Data for review: Begin

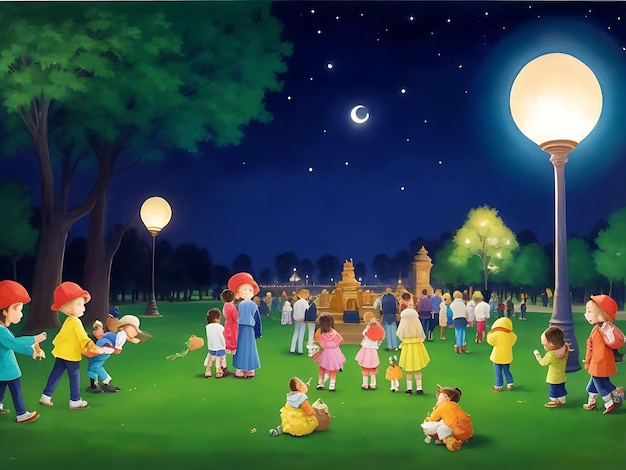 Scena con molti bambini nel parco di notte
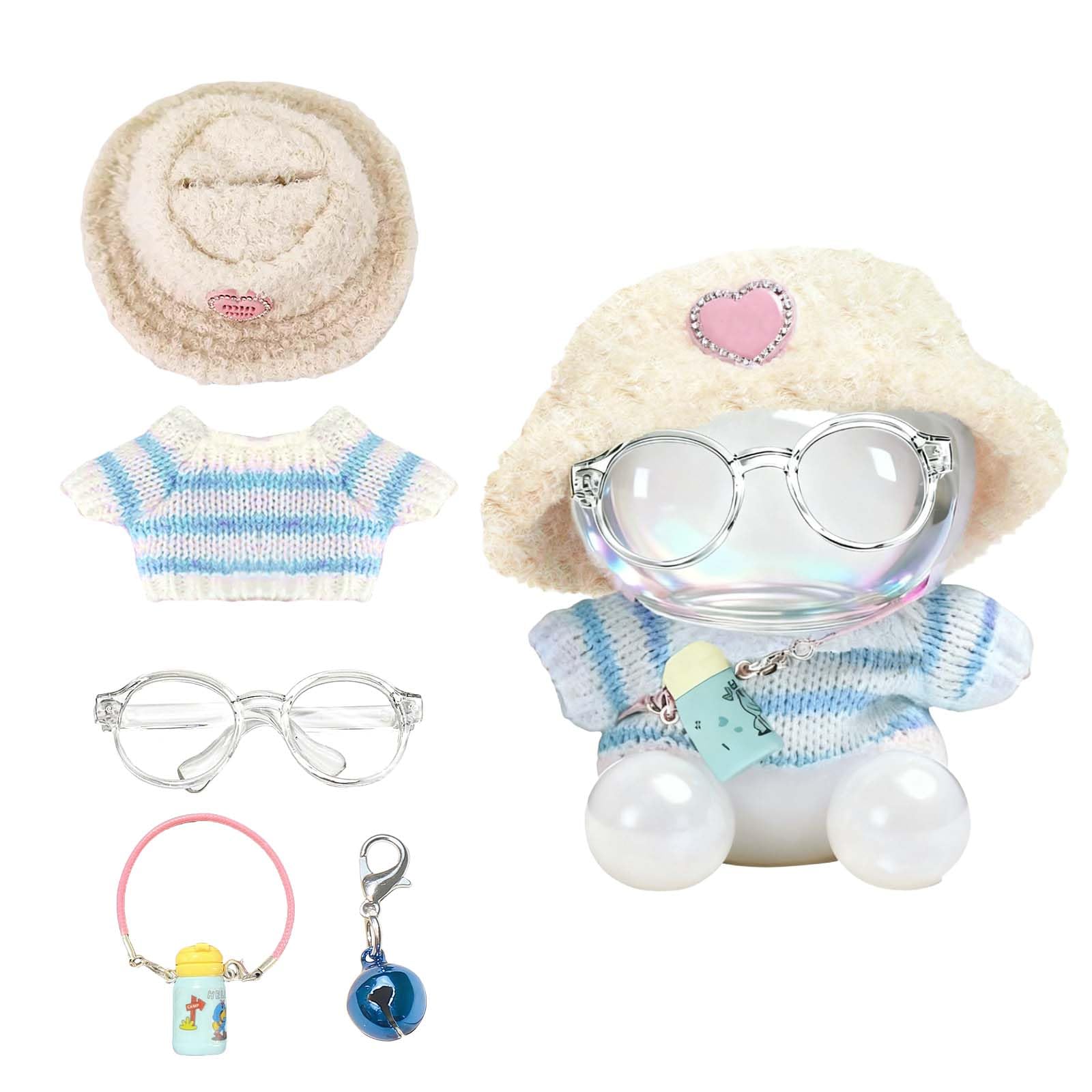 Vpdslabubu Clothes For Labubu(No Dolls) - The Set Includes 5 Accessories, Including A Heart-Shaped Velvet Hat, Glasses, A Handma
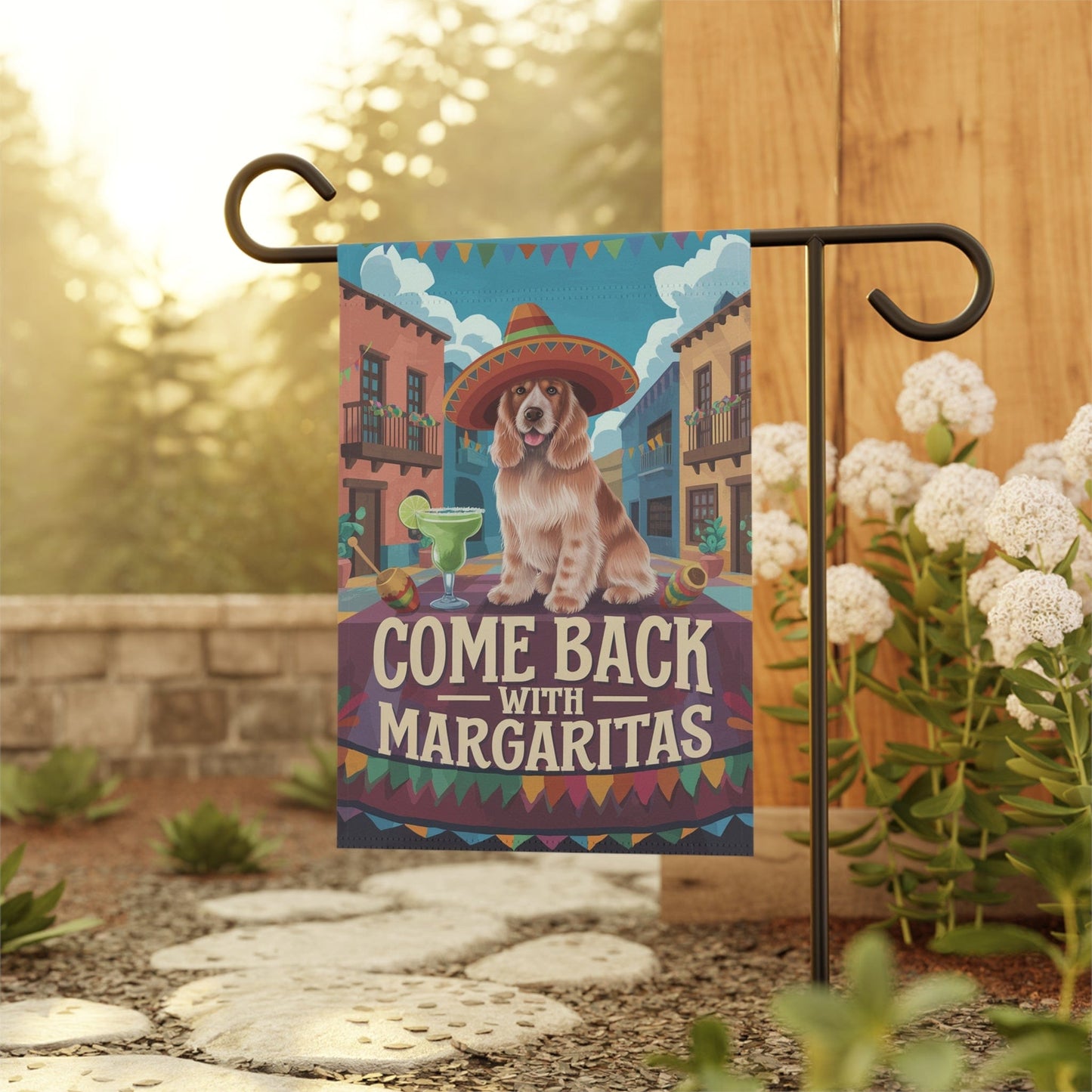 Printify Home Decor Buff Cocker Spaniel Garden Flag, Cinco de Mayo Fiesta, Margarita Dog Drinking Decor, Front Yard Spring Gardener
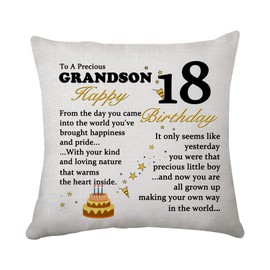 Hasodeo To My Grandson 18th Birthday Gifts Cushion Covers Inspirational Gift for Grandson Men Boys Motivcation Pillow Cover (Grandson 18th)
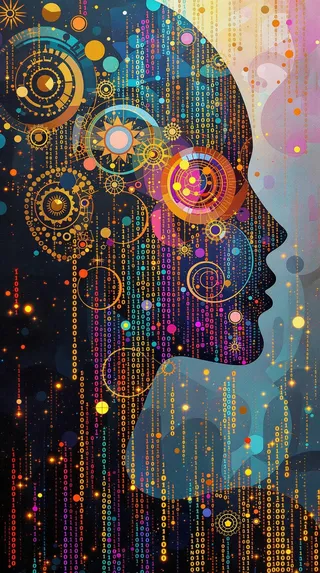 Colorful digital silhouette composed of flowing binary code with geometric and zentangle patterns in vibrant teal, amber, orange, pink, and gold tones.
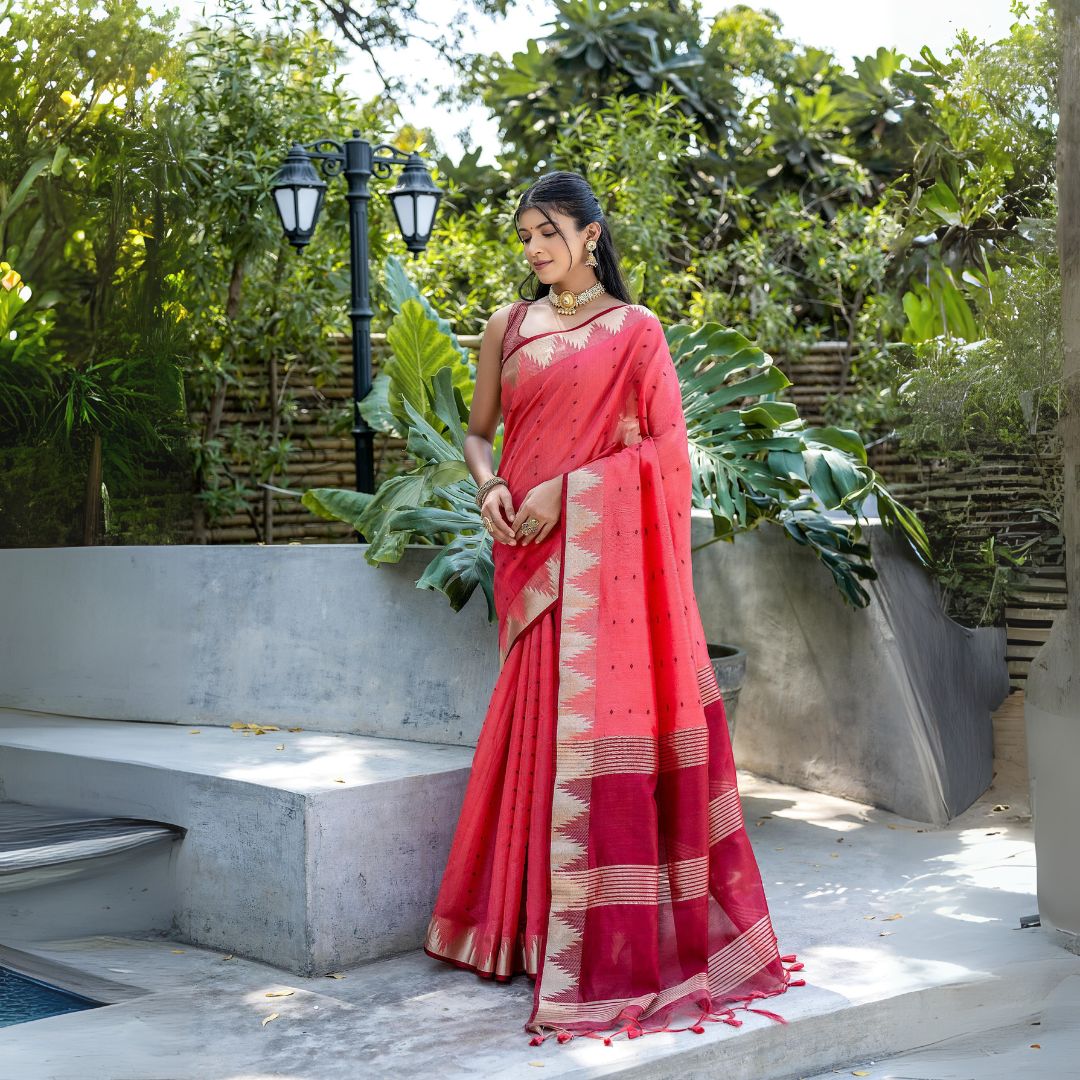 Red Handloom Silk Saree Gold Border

Data for review: End

▸ Required action
With the pictures left out, return all the material above exactly.

▸ Response to this task
 Scena con molti bambini nel parco di notte
 Vpdslabubu Clothes For Labubu(No Dolls) - The Set Includes 5 Accessories, Including A Heart-Shaped Velvet Hat, Glasses, A Handma
 Printify Home Decor Buff Cocker Spaniel Garden Flag, Cinco de Mayo Fiesta, Margarita Dog Drinking Decor, Front Yard Spring Gardener
 Hasodeo To My Grandson 18th Birthday Gifts Cushion Covers Inspirational Gift for Grandson Men Boys Motivcation Pillow Cover (Grandson 18th)
 Colorful digital silhouette composed of flowing binary code with geometric and zentangle patterns in vibrant teal, amber, orange, pink, and gold tones.
 Red Handloom Silk Saree Gold Border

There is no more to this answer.